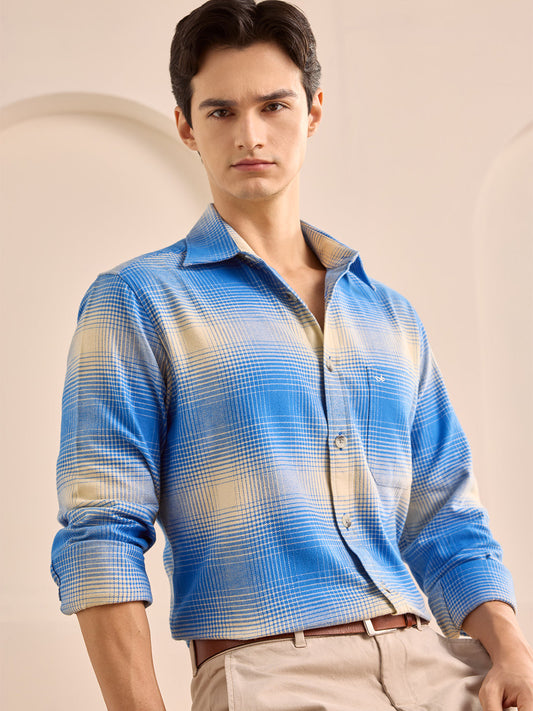 Blue Regular Fit Checked Casual Cotton Shirt for Men (LANIK)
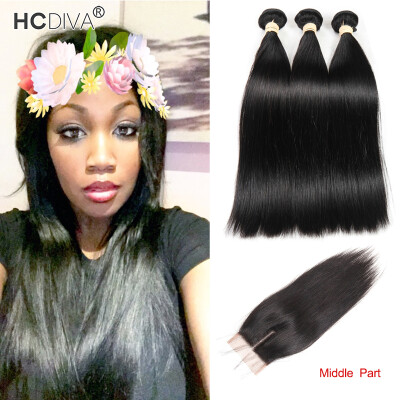 

HCDIVA Brazilian Virgin Hair Straight 3 Bundles with Closure Middle Part Straight Human Hair Bundle with Closure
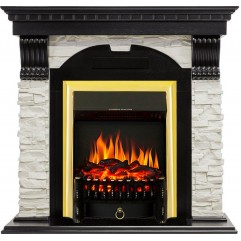 Каминокомплект Dublin - Венге / Сланец белый с очагом Fobos FX Brass Каминокомплект Dublin - Венге / Сланец белый с очагом Fobos FX Brass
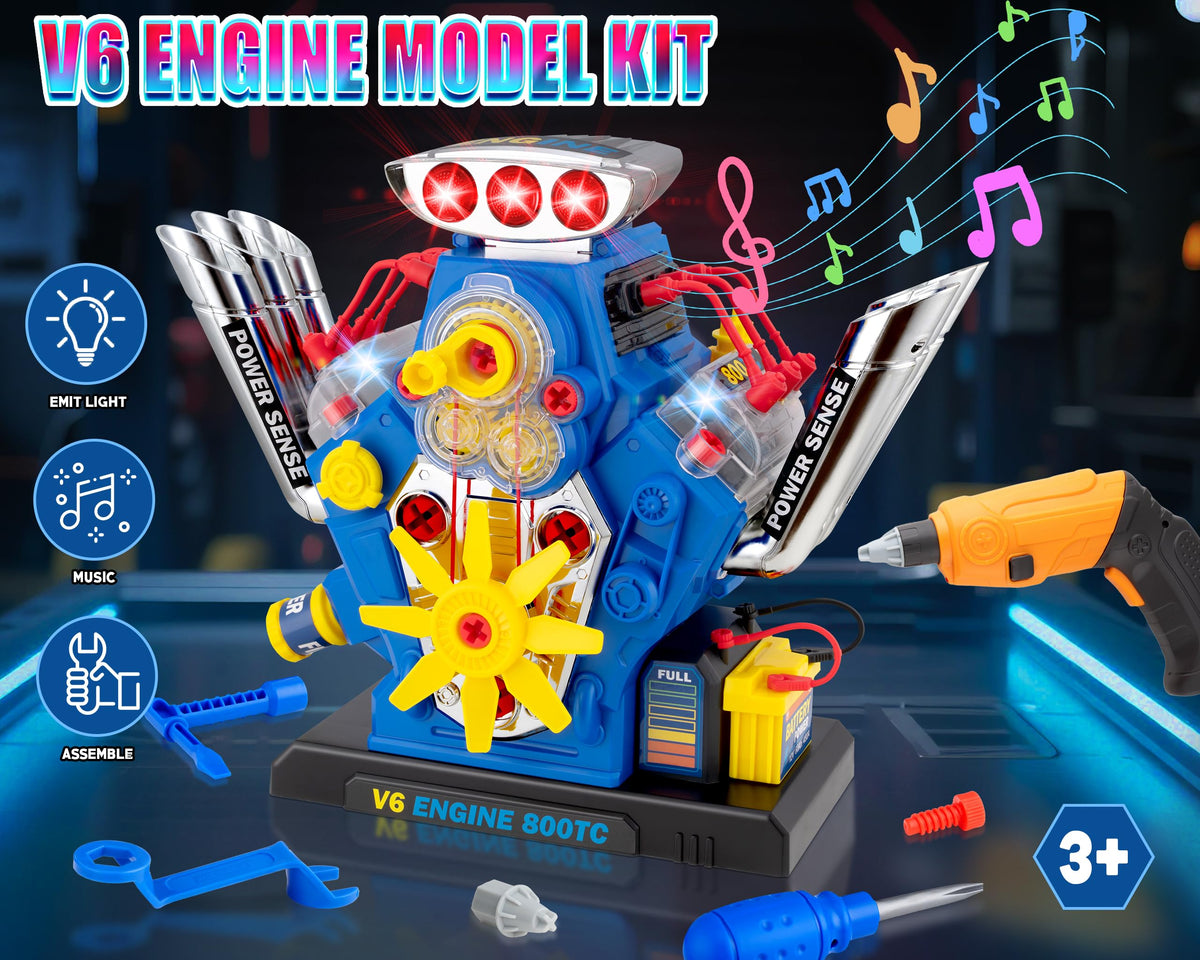 POFJOEQ STEM New V6 engine kit durable construction supports repeated assembly sessions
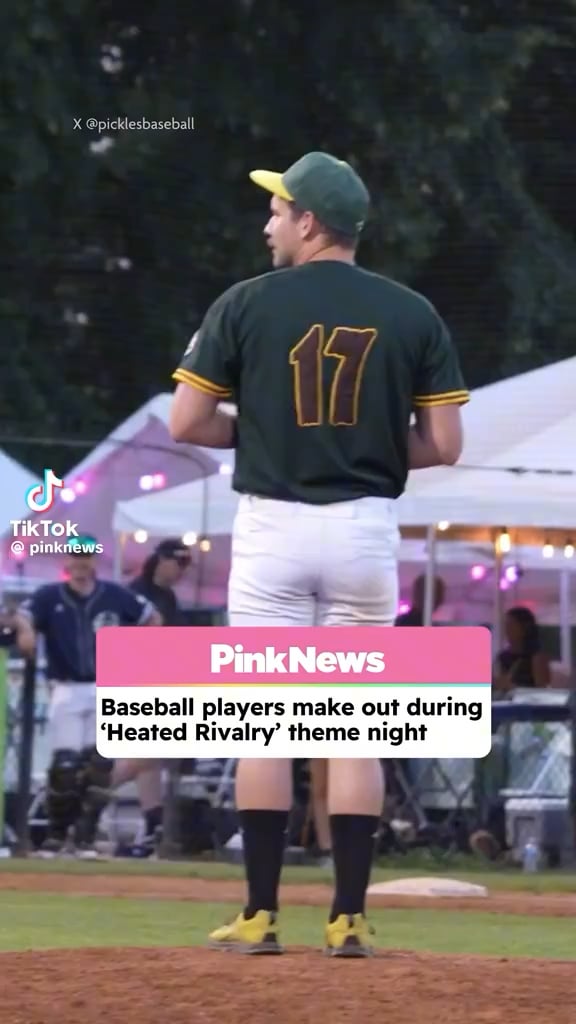 During the Portland Pickles’ “Heated Riv-Dill-ry Night” celebrating HBO’s hit ‘Heated Rivalry’, a pitcher and batter appeared ready to throw down before surprising the crowd with a make-out session.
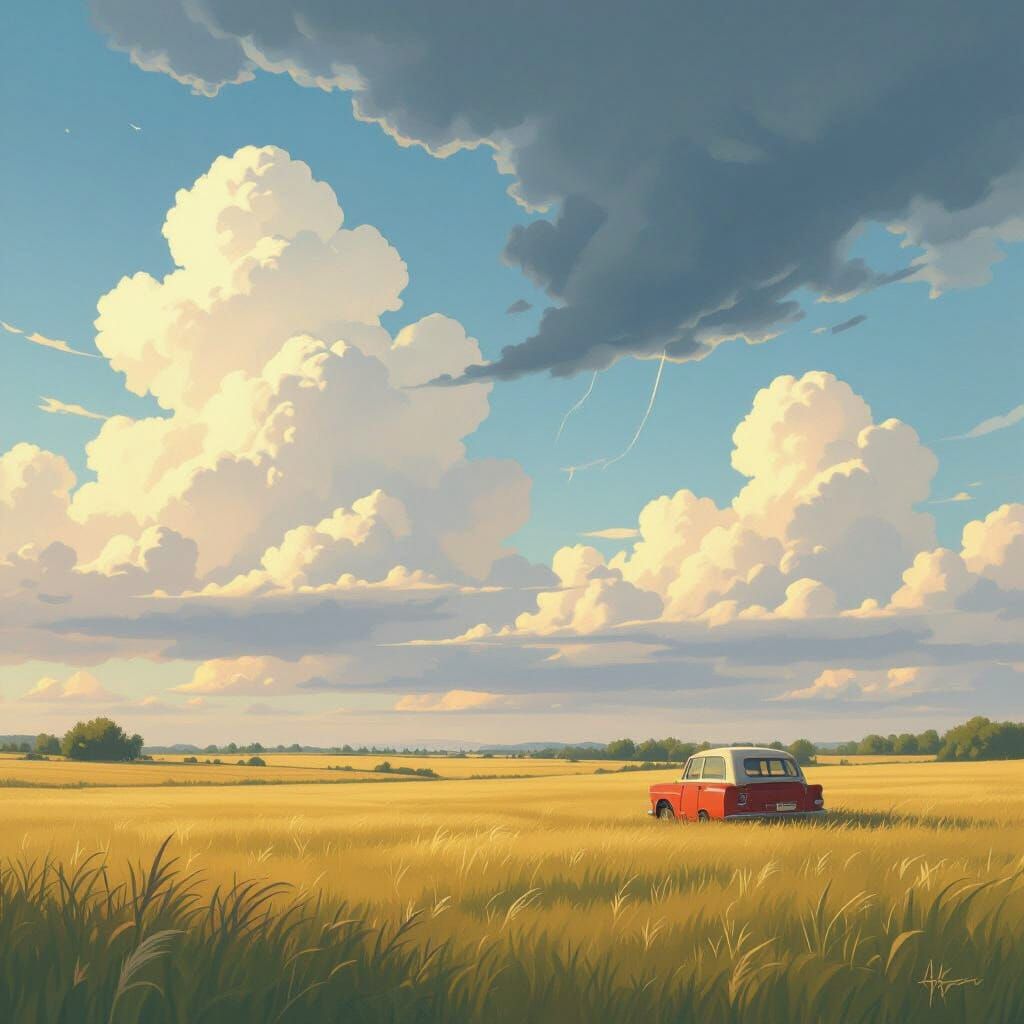Heavenly Fields Under Stormy Skies in Golden Light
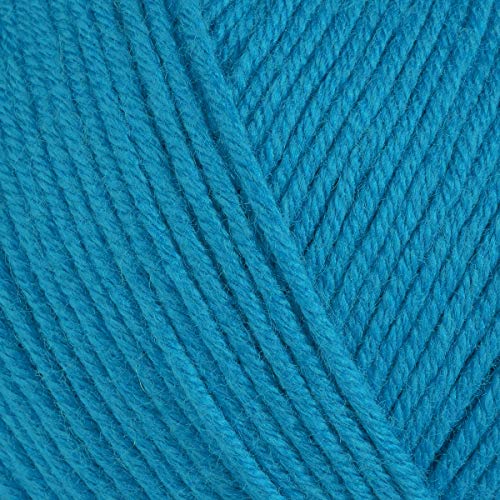 Estako Happy Cotton 60% Cotton 40% Acrylic Yarn, Sport 2, Dark Turquoise | soft, fine, 50 g, 180 yds, baby clothes, amigurumi, 2-3 mm hook, summer tops, hats, blankets - color: 4240 - Dark Turquoise, size: 1 Skein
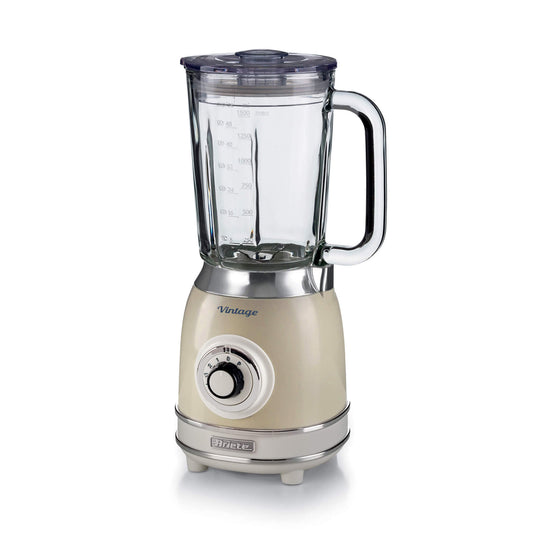 Ariete 583, Vintage Blender with 1.5 Liter glass cup, 4 Stainless Steel Blades, 4 Speeds + Pulse, 1000 Watt, Beige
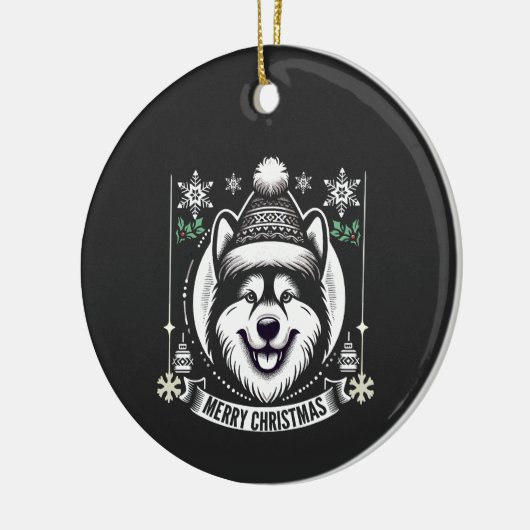 Alaskan husky Kerst hondenliefhebber cadeau Rendie Keramisch Ornament (Links)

__TASK OBJECTIVE__:
Word for word and without pictures, restate only the lines running from the one that contains "Estako Happy Cotton" through the last line of the listing above.

__RESPONSE TO THE TASK__:
 Estako Happy Cotton 60% Cotton 40% Acrylic Yarn, Sport 2, Dark Turquoise | soft, fine, 50 g, 180 yds, baby clothes, amigurumi, 2-3 mm hook, summer tops, hats, blankets - color: 4240 - Dark Turquoise, size: 1 Skein
 Ariete 583, Vintage Blender with 1.5 Liter glass cup, 4 Stainless Steel Blades, 4 Speeds + Pulse, 1000 Watt, Beige
 Alaskan husky Kerst hondenliefhebber cadeau Rendie Keramisch Ornament (Links)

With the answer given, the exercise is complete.